--- DATA PROVIDED Enclosed Below ---
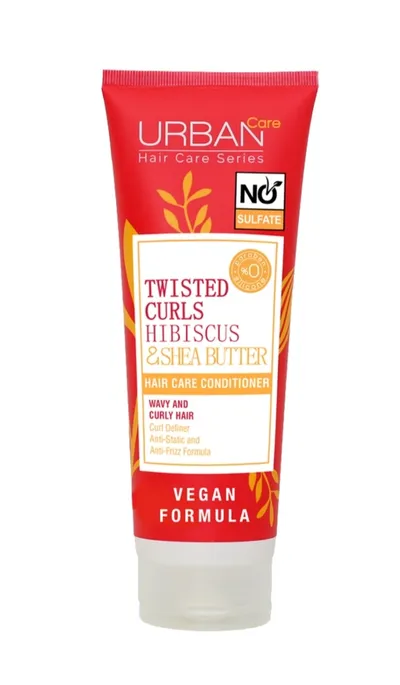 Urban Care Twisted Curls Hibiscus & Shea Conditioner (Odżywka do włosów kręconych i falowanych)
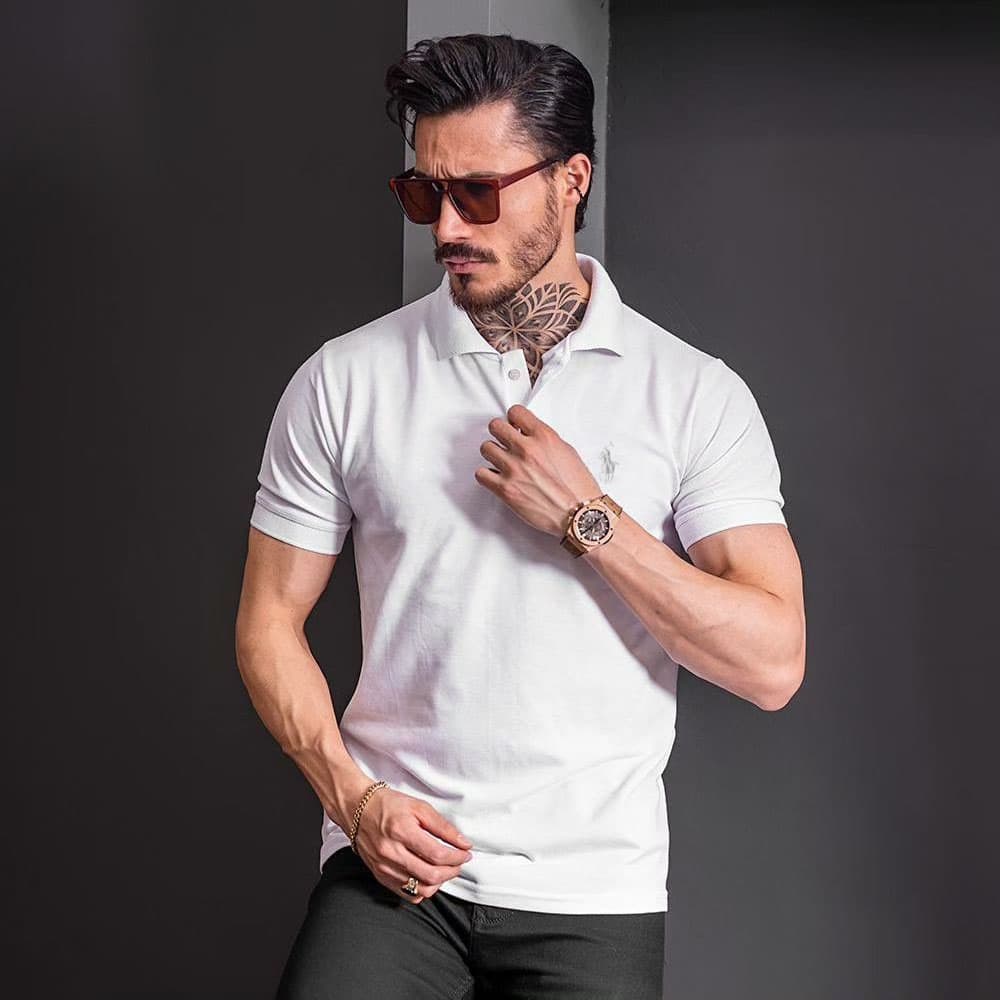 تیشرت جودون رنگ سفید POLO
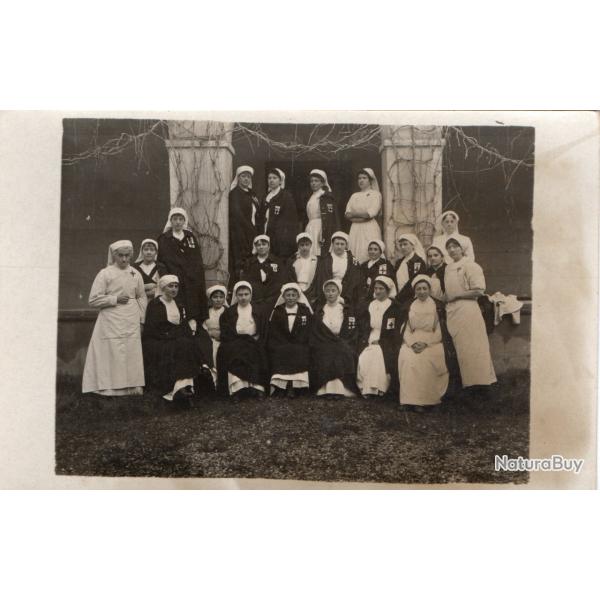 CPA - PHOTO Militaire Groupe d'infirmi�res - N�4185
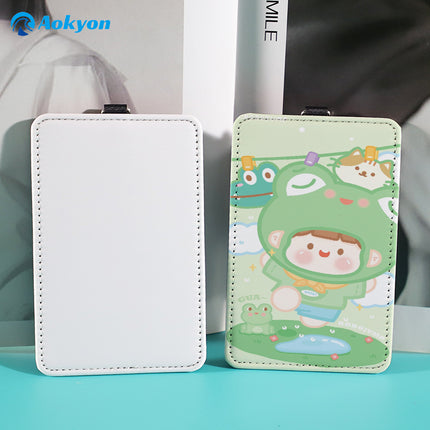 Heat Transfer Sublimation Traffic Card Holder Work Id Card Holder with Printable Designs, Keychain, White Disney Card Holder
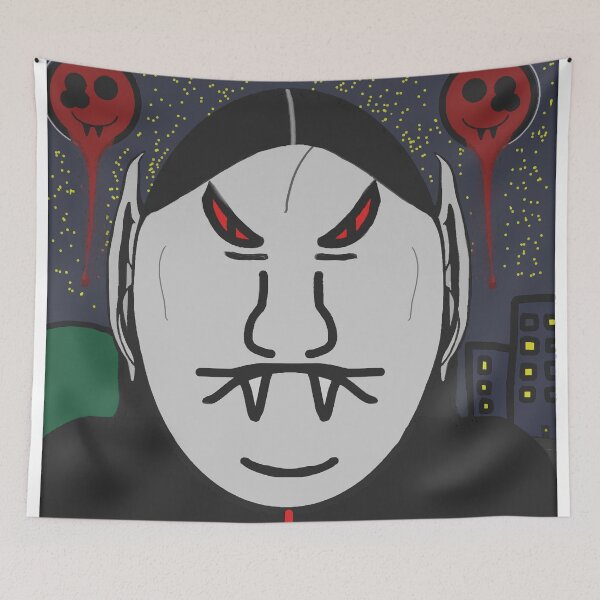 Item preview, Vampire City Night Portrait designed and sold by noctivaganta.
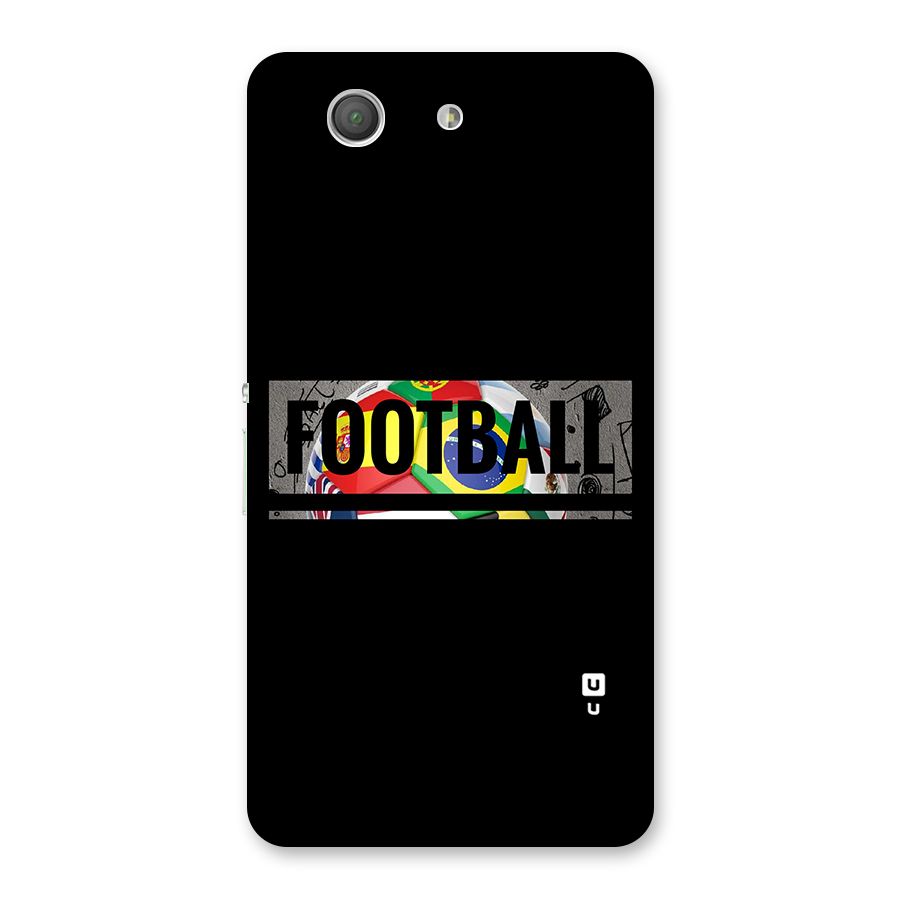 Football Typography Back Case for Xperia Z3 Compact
--- End of Enclosed DATA PROVIDED ---
## WORK INSTRUCTIONS
Make an exact copy of every record, pictures excluded.

## SOLUTION FOR THIS PROBLEM
 Urban Care Twisted Curls Hibiscus & Shea Conditioner (Odżywka do włosów kręconych i falowanych)
 تیشرت جودون رنگ سفید POLO
 CPA - PHOTO Militaire Groupe d'infirmi�res - N�4185
 Heat Transfer Sublimation Traffic Card Holder Work Id Card Holder with Printable Designs, Keychain, White Disney Card Holder
 Item preview, Vampire City Night Portrait designed and sold by noctivaganta.
 Football Typography Back Case for Xperia Z3 Compact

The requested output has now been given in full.